**DATA SUPPLIED:**
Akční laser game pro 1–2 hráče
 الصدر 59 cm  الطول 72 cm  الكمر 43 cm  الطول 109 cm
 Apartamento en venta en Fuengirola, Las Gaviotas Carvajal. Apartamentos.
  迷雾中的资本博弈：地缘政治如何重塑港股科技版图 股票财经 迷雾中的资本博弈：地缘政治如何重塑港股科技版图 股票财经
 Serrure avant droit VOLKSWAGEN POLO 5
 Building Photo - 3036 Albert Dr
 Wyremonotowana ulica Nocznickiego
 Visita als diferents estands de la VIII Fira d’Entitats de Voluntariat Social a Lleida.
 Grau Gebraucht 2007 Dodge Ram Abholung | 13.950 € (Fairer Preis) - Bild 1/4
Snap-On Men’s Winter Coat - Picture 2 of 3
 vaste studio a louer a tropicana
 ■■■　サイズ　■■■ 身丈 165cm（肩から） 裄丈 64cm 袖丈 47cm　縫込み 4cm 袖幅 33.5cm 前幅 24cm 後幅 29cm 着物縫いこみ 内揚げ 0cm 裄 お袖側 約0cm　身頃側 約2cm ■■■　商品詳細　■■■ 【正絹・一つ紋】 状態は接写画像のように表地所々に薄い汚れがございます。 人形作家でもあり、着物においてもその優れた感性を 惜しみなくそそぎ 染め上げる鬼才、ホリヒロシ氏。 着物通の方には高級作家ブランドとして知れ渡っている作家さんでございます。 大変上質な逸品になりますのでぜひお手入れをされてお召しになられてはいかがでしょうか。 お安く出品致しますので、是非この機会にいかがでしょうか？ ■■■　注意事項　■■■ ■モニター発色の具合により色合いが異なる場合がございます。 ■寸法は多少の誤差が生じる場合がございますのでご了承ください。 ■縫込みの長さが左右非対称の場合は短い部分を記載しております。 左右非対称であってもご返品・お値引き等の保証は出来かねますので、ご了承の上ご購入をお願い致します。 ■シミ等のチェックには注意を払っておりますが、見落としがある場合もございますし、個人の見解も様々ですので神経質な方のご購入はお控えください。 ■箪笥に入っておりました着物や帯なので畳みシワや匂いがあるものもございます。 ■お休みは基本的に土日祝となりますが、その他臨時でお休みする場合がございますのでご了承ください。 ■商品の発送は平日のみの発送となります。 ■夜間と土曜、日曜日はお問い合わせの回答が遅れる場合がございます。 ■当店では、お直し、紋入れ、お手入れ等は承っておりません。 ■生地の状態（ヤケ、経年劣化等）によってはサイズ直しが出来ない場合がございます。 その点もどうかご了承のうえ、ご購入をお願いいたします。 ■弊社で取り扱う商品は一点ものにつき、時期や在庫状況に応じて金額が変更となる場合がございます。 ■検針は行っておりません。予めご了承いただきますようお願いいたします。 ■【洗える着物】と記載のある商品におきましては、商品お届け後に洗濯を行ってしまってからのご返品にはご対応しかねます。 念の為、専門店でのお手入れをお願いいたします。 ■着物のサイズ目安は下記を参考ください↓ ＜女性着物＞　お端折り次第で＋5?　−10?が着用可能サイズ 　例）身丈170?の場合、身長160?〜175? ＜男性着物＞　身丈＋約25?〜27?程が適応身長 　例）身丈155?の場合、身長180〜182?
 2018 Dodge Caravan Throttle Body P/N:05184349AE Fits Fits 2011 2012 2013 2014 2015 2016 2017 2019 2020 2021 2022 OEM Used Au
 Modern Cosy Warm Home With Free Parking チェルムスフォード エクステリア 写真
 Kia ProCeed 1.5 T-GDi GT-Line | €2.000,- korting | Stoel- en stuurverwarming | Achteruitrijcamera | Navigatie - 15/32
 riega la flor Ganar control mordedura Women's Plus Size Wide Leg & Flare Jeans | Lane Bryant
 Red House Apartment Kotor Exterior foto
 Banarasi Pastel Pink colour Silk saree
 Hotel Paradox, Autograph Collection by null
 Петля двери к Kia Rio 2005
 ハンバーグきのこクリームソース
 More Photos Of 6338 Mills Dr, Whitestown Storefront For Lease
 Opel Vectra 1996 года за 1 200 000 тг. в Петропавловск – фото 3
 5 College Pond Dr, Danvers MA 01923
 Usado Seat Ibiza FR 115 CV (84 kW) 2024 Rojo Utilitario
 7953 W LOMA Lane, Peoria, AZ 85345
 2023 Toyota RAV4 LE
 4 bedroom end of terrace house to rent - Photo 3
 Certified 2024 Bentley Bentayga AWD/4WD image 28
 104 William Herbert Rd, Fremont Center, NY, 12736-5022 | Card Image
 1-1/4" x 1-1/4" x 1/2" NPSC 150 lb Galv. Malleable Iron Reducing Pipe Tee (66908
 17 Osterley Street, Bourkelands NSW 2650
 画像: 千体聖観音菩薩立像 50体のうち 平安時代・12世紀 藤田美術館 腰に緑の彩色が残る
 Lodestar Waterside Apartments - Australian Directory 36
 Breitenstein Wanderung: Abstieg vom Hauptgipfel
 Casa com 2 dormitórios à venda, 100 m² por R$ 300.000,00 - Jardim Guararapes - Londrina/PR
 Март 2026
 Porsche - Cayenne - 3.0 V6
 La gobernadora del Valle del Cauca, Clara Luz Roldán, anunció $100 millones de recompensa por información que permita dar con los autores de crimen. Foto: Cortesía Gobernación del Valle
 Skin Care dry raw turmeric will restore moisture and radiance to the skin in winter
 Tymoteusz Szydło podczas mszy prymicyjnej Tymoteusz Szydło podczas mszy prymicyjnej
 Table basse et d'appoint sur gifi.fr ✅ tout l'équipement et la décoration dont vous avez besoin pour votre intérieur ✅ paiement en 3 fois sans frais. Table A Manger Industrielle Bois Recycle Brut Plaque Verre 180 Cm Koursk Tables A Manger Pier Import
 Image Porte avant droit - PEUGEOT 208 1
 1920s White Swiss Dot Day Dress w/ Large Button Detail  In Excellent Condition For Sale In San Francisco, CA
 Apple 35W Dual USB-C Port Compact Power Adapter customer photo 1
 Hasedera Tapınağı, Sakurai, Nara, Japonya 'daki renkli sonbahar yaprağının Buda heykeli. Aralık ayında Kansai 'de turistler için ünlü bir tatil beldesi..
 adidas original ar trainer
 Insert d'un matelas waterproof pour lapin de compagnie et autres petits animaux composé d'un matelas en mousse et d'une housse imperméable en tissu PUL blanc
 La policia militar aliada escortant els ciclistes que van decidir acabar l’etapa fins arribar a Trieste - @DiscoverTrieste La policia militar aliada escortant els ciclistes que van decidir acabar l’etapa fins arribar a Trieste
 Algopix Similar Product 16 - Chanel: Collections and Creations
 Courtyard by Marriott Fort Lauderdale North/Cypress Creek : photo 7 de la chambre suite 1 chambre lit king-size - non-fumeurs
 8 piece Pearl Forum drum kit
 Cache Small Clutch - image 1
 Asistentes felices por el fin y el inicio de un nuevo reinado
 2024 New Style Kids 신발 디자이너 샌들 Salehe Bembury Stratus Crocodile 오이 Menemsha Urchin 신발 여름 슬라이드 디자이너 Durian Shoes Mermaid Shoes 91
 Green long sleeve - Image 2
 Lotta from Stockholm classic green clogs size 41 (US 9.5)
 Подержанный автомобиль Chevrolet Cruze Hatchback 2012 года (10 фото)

**TASK:**
Return the entries above exactly as they appear.

**THE COMPLETED TASK:**
Akční laser game pro 1–2 hráče
 الصدر 59 cm  الطول 72 cm  الكمر 43 cm  الطول 109 cm
 Apartamento en venta en Fuengirola, Las Gaviotas Carvajal. Apartamentos.
  迷雾中的资本博弈：地缘政治如何重塑港股科技版图 股票财经 迷雾中的资本博弈：地缘政治如何重塑港股科技版图 股票财经
 Serrure avant droit VOLKSWAGEN POLO 5
 Building Photo - 3036 Albert Dr
 Wyremonotowana ulica Nocznickiego
 Visita als diferents estands de la VIII Fira d’Entitats de Voluntariat Social a Lleida.
 Grau Gebraucht 2007 Dodge Ram Abholung | 13.950 € (Fairer Preis) - Bild 1/4
Snap-On Men’s Winter Coat - Picture 2 of 3
 vaste studio a louer a tropicana
 ■■■　サイズ　■■■ 身丈 165cm（肩から） 裄丈 64cm 袖丈 47cm　縫込み 4cm 袖幅 33.5cm 前幅 24cm 後幅 29cm 着物縫いこみ 内揚げ 0cm 裄 お袖側 約0cm　身頃側 約2cm ■■■　商品詳細　■■■ 【正絹・一つ紋】 状態は接写画像のように表地所々に薄い汚れがございます。 人形作家でもあり、着物においてもその優れた感性を 惜しみなくそそぎ 染め上げる鬼才、ホリヒロシ氏。 着物通の方には高級作家ブランドとして知れ渡っている作家さんでございます。 大変上質な逸品になりますのでぜひお手入れをされてお召しになられてはいかがでしょうか。 お安く出品致しますので、是非この機会にいかがでしょうか？ ■■■　注意事項　■■■ ■モニター発色の具合により色合いが異なる場合がございます。 ■寸法は多少の誤差が生じる場合がございますのでご了承ください。 ■縫込みの長さが左右非対称の場合は短い部分を記載しております。 左右非対称であってもご返品・お値引き等の保証は出来かねますので、ご了承の上ご購入をお願い致します。 ■シミ等のチェックには注意を払っておりますが、見落としがある場合もございますし、個人の見解も様々ですので神経質な方のご購入はお控えください。 ■箪笥に入っておりました着物や帯なので畳みシワや匂いがあるものもございます。 ■お休みは基本的に土日祝となりますが、その他臨時でお休みする場合がございますのでご了承ください。 ■商品の発送は平日のみの発送となります。 ■夜間と土曜、日曜日はお問い合わせの回答が遅れる場合がございます。 ■当店では、お直し、紋入れ、お手入れ等は承っておりません。 ■生地の状態（ヤケ、経年劣化等）によってはサイズ直しが出来ない場合がございます。 その点もどうかご了承のうえ、ご購入をお願いいたします。 ■弊社で取り扱う商品は一点ものにつき、時期や在庫状況に応じて金額が変更となる場合がございます。 ■検針は行っておりません。予めご了承いただきますようお願いいたします。 ■【洗える着物】と記載のある商品におきましては、商品お届け後に洗濯を行ってしまってからのご返品にはご対応しかねます。 念の為、専門店でのお手入れをお願いいたします。 ■着物のサイズ目安は下記を参考ください↓ ＜女性着物＞　お端折り次第で＋5?　−10?が着用可能サイズ 　例）身丈170?の場合、身長160?〜175? ＜男性着物＞　身丈＋約25?〜27?程が適応身長 　例）身丈155?の場合、身長180〜182?
 2018 Dodge Caravan Throttle Body P/N:05184349AE Fits Fits 2011 2012 2013 2014 2015 2016 2017 2019 2020 2021 2022 OEM Used Au
 Modern Cosy Warm Home With Free Parking チェルムスフォード エクステリア 写真
 Kia ProCeed 1.5 T-GDi GT-Line | €2.000,- korting | Stoel- en stuurverwarming | Achteruitrijcamera | Navigatie - 15/32
 riega la flor Ganar control mordedura Women's Plus Size Wide Leg & Flare Jeans | Lane Bryant
 Red House Apartment Kotor Exterior foto
 Banarasi Pastel Pink colour Silk saree
 Hotel Paradox, Autograph Collection by null
 Петля двери к Kia Rio 2005
 ハンバーグきのこクリームソース
 More Photos Of 6338 Mills Dr, Whitestown Storefront For Lease
 Opel Vectra 1996 года за 1 200 000 тг. в Петропавловск – фото 3
 5 College Pond Dr, Danvers MA 01923
 Usado Seat Ibiza FR 115 CV (84 kW) 2024 Rojo Utilitario
 7953 W LOMA Lane, Peoria, AZ 85345
 2023 Toyota RAV4 LE
 4 bedroom end of terrace house to rent - Photo 3
 Certified 2024 Bentley Bentayga AWD/4WD image 28
 104 William Herbert Rd, Fremont Center, NY, 12736-5022 | Card Image
 1-1/4" x 1-1/4" x 1/2" NPSC 150 lb Galv. Malleable Iron Reducing Pipe Tee (66908
 17 Osterley Street, Bourkelands NSW 2650
 画像: 千体聖観音菩薩立像 50体のうち 平安時代・12世紀 藤田美術館 腰に緑の彩色が残る
 Lodestar Waterside Apartments - Australian Directory 36
 Breitenstein Wanderung: Abstieg vom Hauptgipfel
 Casa com 2 dormitórios à venda, 100 m² por R$ 300.000,00 - Jardim Guararapes - Londrina/PR
 Март 2026
 Porsche - Cayenne - 3.0 V6
 La gobernadora del Valle del Cauca, Clara Luz Roldán, anunció $100 millones de recompensa por información que permita dar con los autores de crimen. Foto: Cortesía Gobernación del Valle
 Skin Care dry raw turmeric will restore moisture and radiance to the skin in winter
 Tymoteusz Szydło podczas mszy prymicyjnej Tymoteusz Szydło podczas mszy prymicyjnej
 Table basse et d'appoint sur gifi.fr ✅ tout l'équipement et la décoration dont vous avez besoin pour votre intérieur ✅ paiement en 3 fois sans frais. Table A Manger Industrielle Bois Recycle Brut Plaque Verre 180 Cm Koursk Tables A Manger Pier Import
 Image Porte avant droit - PEUGEOT 208 1
 1920s White Swiss Dot Day Dress w/ Large Button Detail  In Excellent Condition For Sale In San Francisco, CA
 Apple 35W Dual USB-C Port Compact Power Adapter customer photo 1
 Hasedera Tapınağı, Sakurai, Nara, Japonya 'daki renkli sonbahar yaprağının Buda heykeli. Aralık ayında Kansai 'de turistler için ünlü bir tatil beldesi..
 adidas original ar trainer
 Insert d'un matelas waterproof pour lapin de compagnie et autres petits animaux composé d'un matelas en mousse et d'une housse imperméable en tissu PUL blanc
 La policia militar aliada escortant els ciclistes que van decidir acabar l’etapa fins arribar a Trieste - @DiscoverTrieste La policia militar aliada escortant els ciclistes que van decidir acabar l’etapa fins arribar a Trieste
 Algopix Similar Product 16 - Chanel: Collections and Creations
 Courtyard by Marriott Fort Lauderdale North/Cypress Creek : photo 7 de la chambre suite 1 chambre lit king-size - non-fumeurs
 8 piece Pearl Forum drum kit
 Cache Small Clutch - image 1
 Asistentes felices por el fin y el inicio de un nuevo reinado
 2024 New Style Kids 신발 디자이너 샌들 Salehe Bembury Stratus Crocodile 오이 Menemsha Urchin 신발 여름 슬라이드 디자이너 Durian Shoes Mermaid Shoes 91
 Green long sleeve - Image 2
 Lotta from Stockholm classic green clogs size 41 (US 9.5)
 Подержанный автомобиль Chevrolet Cruze Hatchback 2012 года (10 фото)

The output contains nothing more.